* Available records:
——
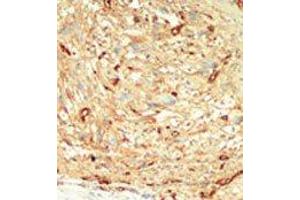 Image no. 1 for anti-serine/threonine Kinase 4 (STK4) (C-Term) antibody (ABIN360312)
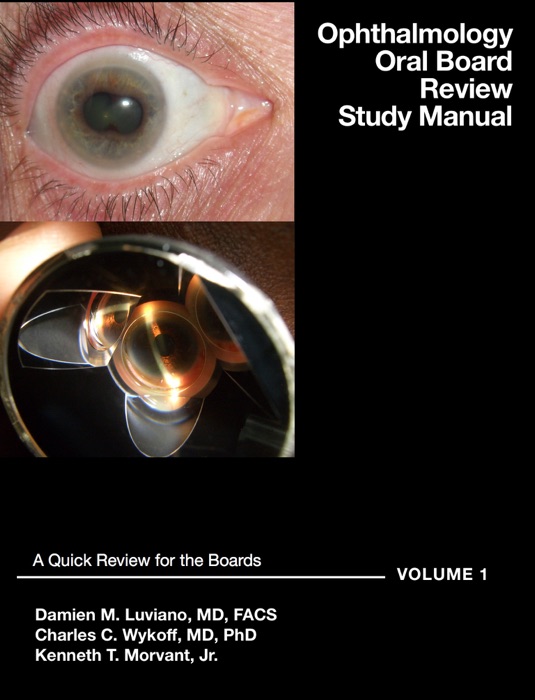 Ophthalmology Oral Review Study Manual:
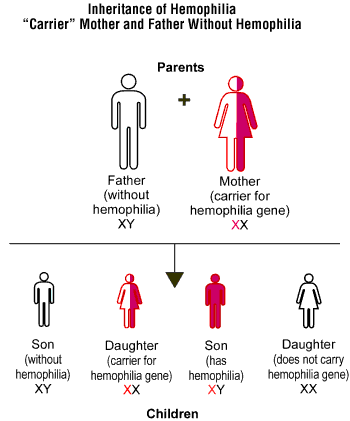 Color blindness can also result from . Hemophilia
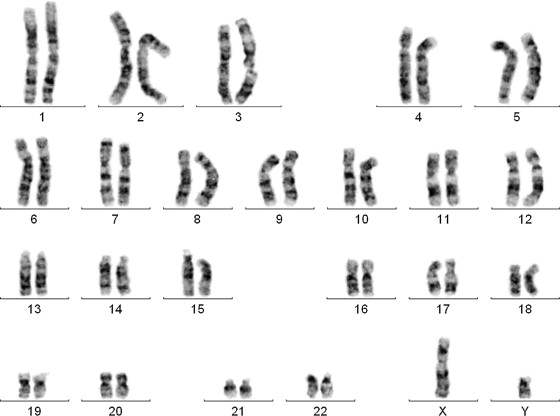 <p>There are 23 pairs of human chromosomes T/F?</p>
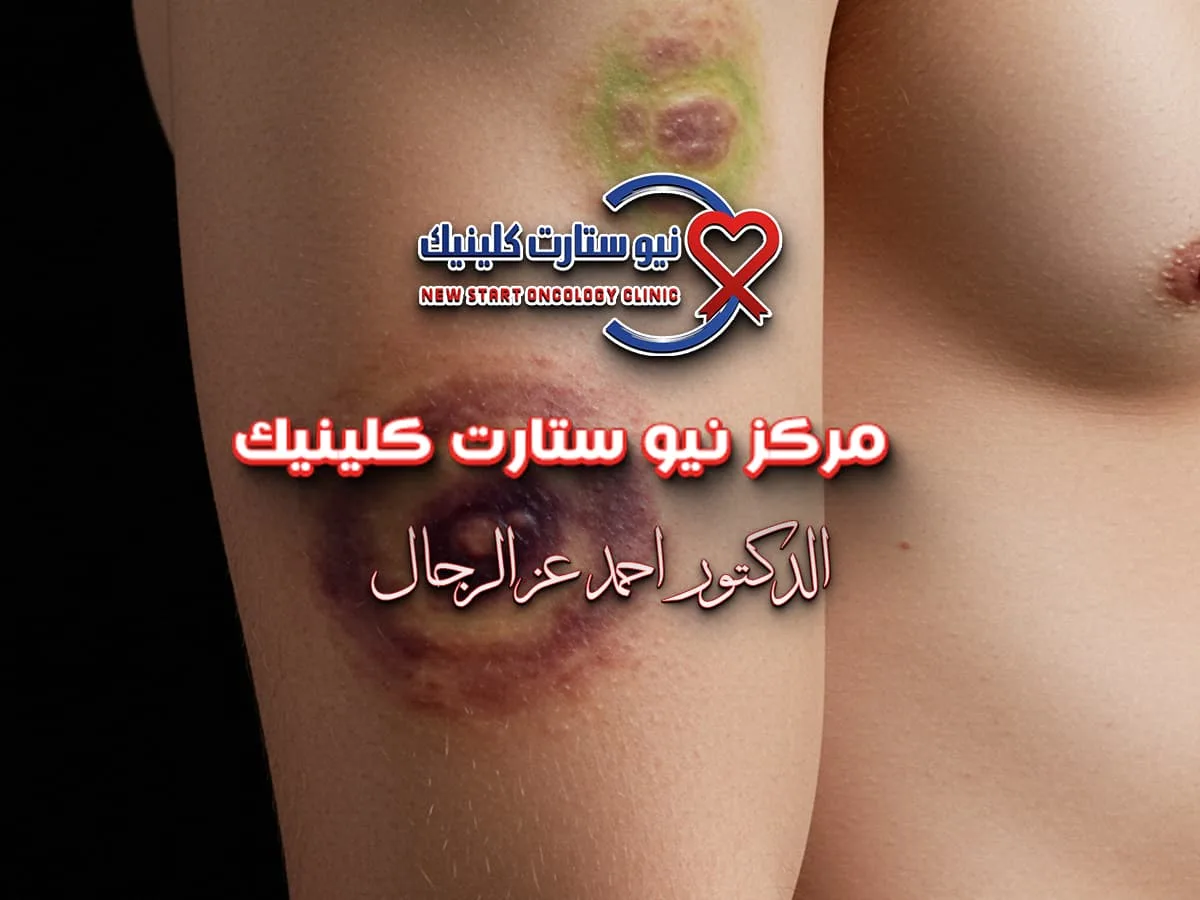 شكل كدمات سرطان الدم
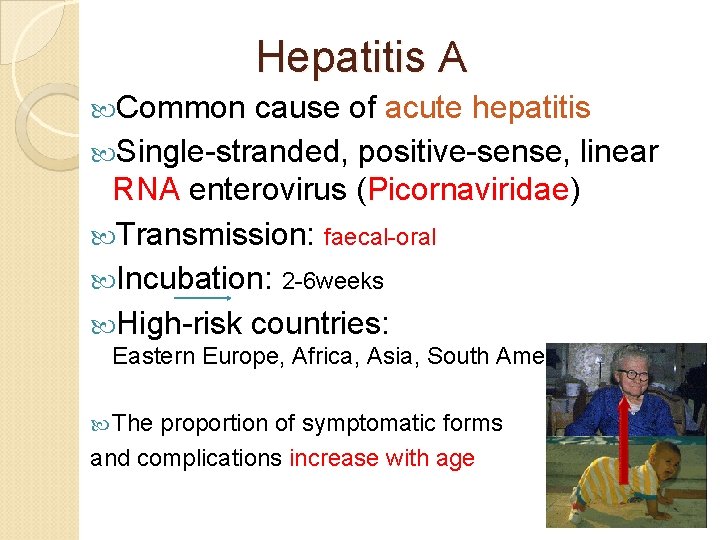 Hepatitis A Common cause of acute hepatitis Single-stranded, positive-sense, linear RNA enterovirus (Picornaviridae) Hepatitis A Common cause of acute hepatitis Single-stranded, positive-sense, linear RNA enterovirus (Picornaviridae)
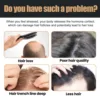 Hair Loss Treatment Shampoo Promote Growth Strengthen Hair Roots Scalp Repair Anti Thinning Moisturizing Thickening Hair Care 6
——
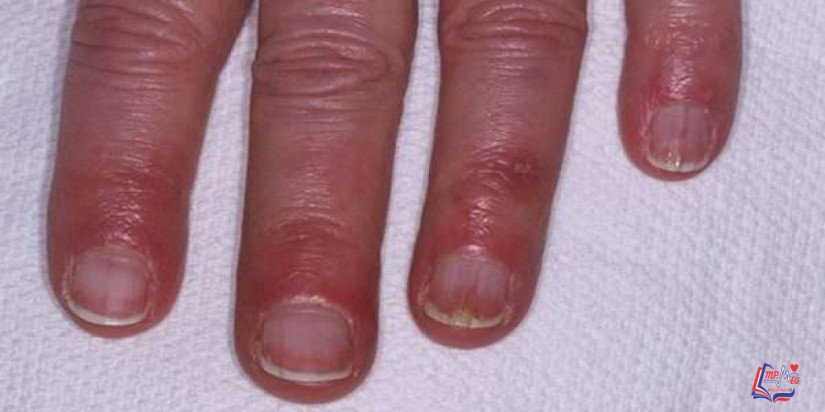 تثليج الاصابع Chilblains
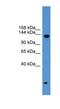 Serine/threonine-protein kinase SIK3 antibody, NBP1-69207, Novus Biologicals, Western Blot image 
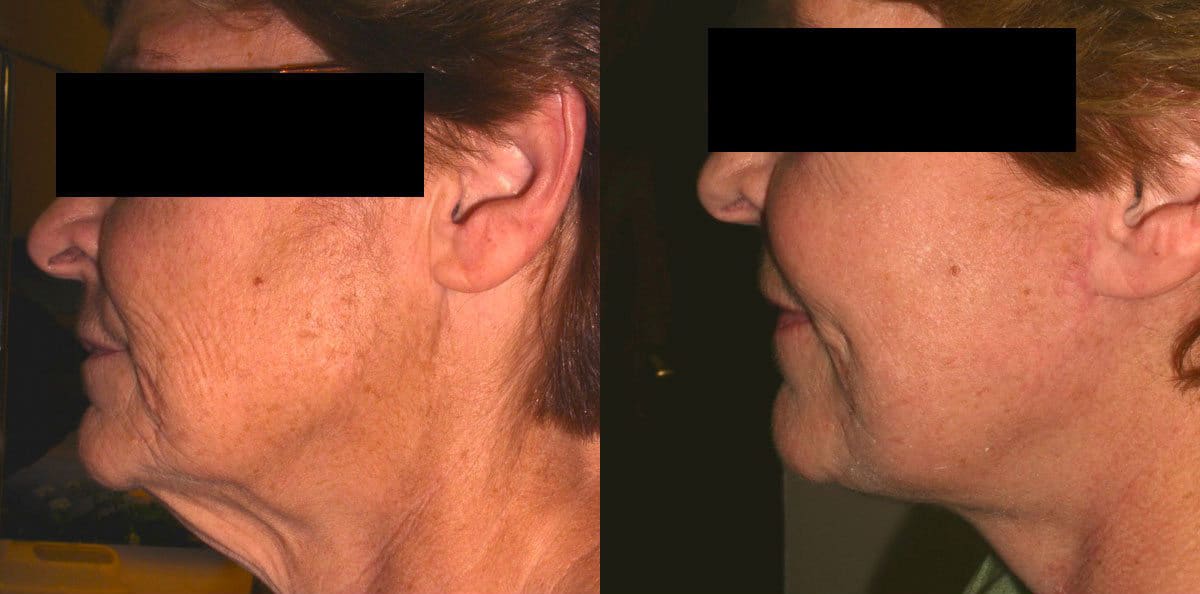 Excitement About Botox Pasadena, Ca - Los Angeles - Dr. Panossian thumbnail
——
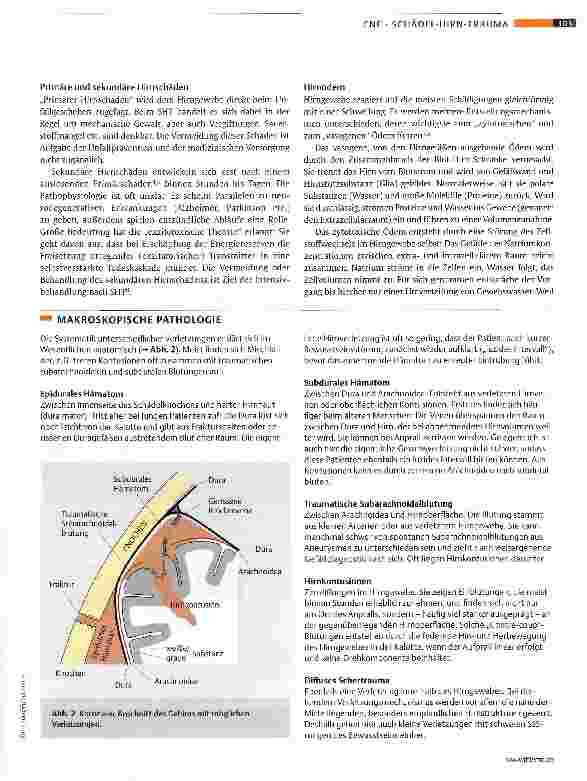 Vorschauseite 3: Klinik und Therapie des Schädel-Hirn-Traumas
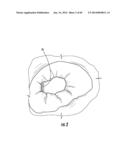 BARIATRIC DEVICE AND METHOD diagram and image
——
Please copy the lines above exactly, starting at the line that holds "Image no. 1" and ending at the line that holds "شكل كدمات سرطان الدم"; include both, but no pictures.

* Final answer:
 Image no. 1 for anti-serine/threonine Kinase 4 (STK4) (C-Term) antibody (ABIN360312)
 Ophthalmology Oral Review Study Manual:
 Color blindness can also result from . Hemophilia
 <p>There are 23 pairs of human chromosomes T/F?</p>
 شكل كدمات سرطان الدم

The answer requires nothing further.